November 26 – Football Association of Ireland chief executive John Delaney (pictured) has apologised after a video of him singing an Irish Republican song in a Dublin bar was broadcast on Youtube. Delaney was part of a group singing a song about Northern Irish man Joe McDonnell who was one of the IRA hunger strikers who died in 1981.

The song was sung after the Republic of Ireland’s 4-1 win over the USA. The video was taken on a camera phone without Delaney’s knowledge.

“If the song offends anyone of course I’m sorry,” Delaney told Irish broadcaster RTE.

“When you sing a song like that, you don’t believe in every word that is in the song.”

“I’m not someone who supports violence at all. In fact over a large number of years I have been working closely with cross-border initiatives in football to break down barriers.

“I’m not a violent person. My grandfather fought in the Civil War and he also fought in the War of Independence. I have always said I have a nationalist background.”

The same night that Delaney was caught crooning an IRA sympathisers’ song, a group of English fans were criticised for anti-IRA chants directed at Scottish fans at a friendly match in Glasgow.

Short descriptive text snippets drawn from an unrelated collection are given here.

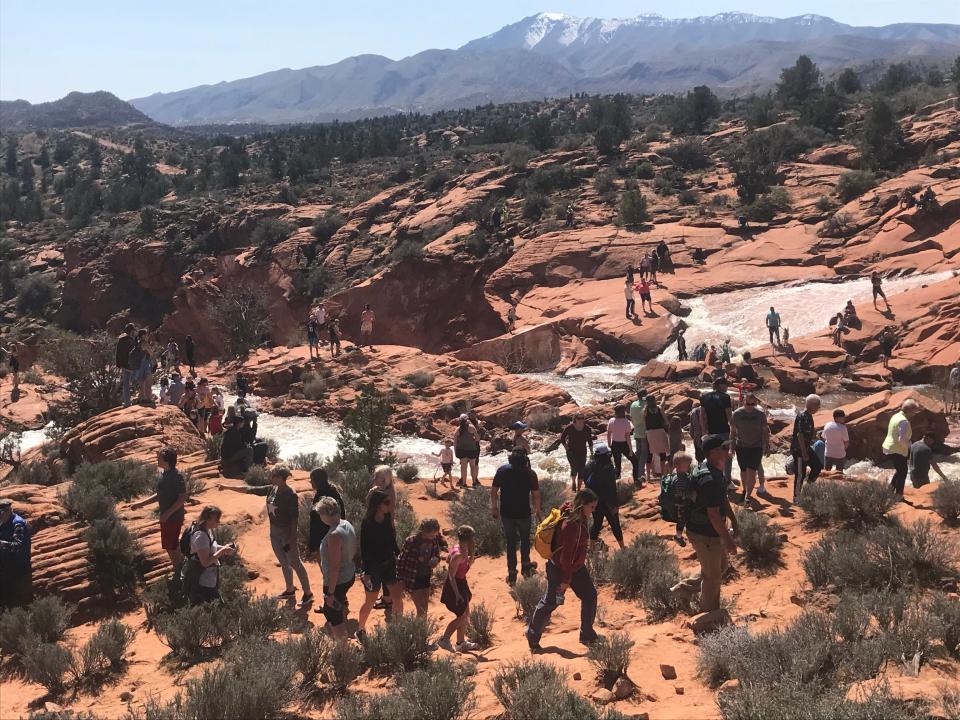 Visitors swarm the raging waters beneath Gunlock Reservoir. Rains in early March filled the reservoir to capacity, sending waterfalls over the dam in a rare spectacle that officials said could bring thousands of visitors throughout the Spring.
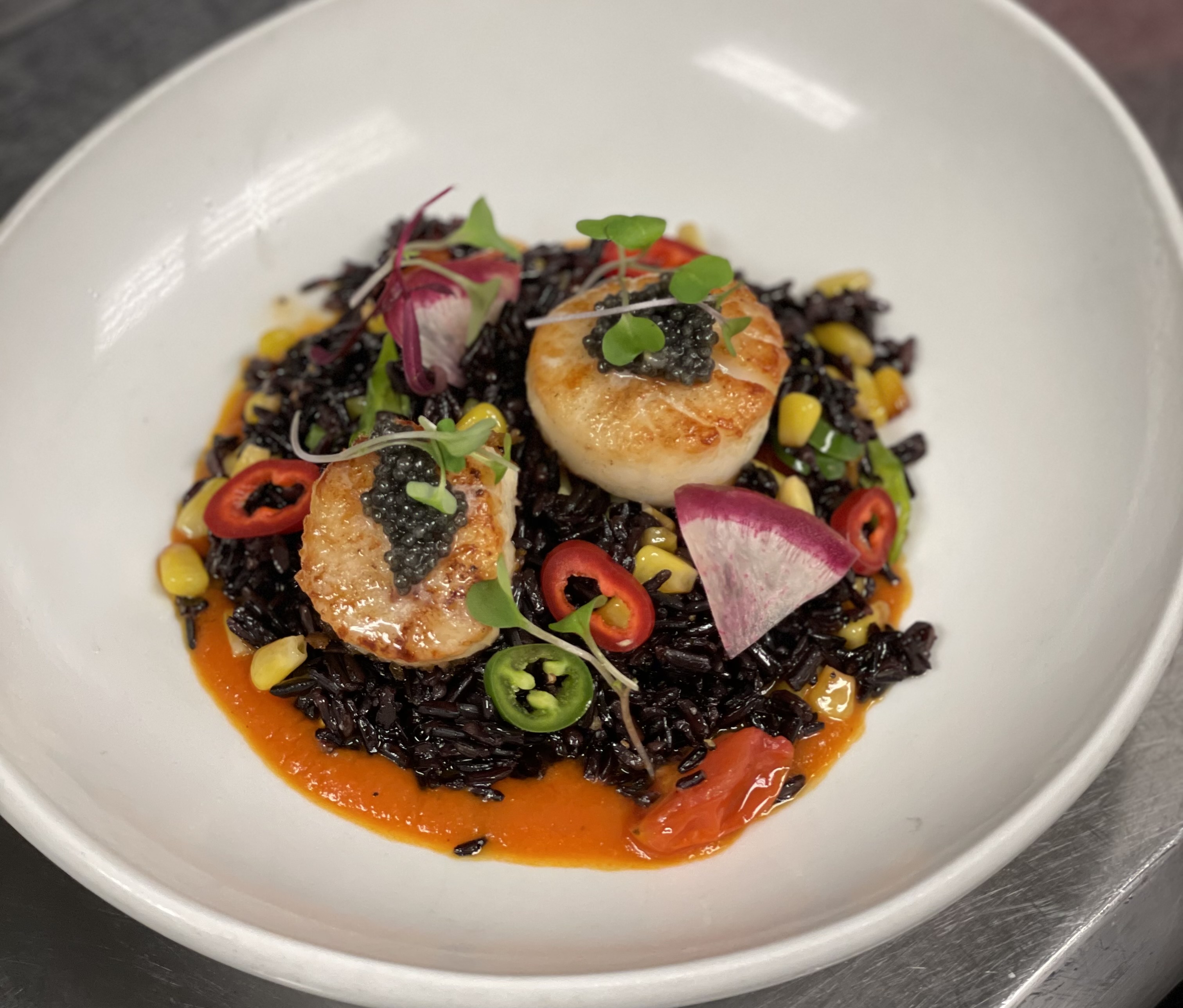 Seared scallops atop black risotto, topped with fresh vegetables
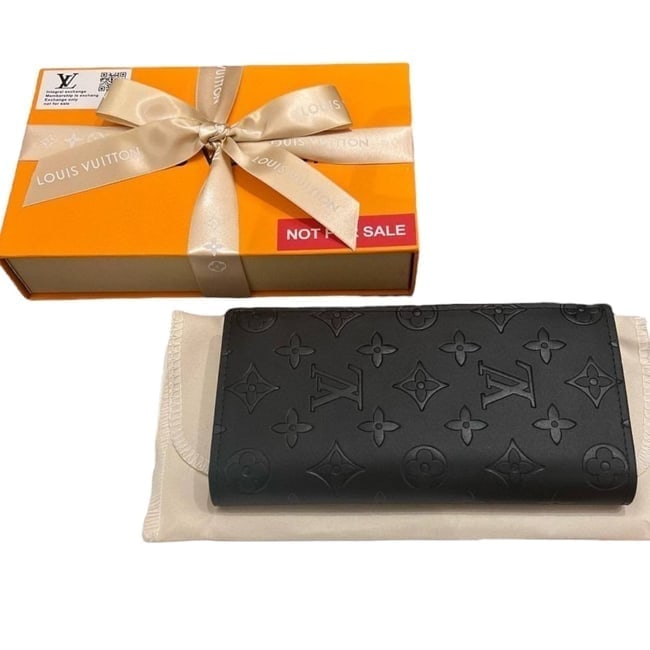 Louis Vuitton Black Monogram Classic Long Fold Beaute Wallet & Original Box: • Louis Vuitton • Type: Wallet • Style: Classic Long Fold • Color: Black • Pattern: Monogram Pattern • Hardware: Silver Tone • Features: Card Slots, Cash Compartment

The Republic of Ireland will host England in a friendly at the Aviva stadium in Dublin in June 2015. The last time England played Ireland in Ireland, in 1995, the match was abandoned as English fans tore out seats in the old Lansdowne Road stadium and hurled them on to the pitch.

England played a friendly against Ireland at Wembley last year in front of an 80,000 crowd. The match passed off without major crowd trouble.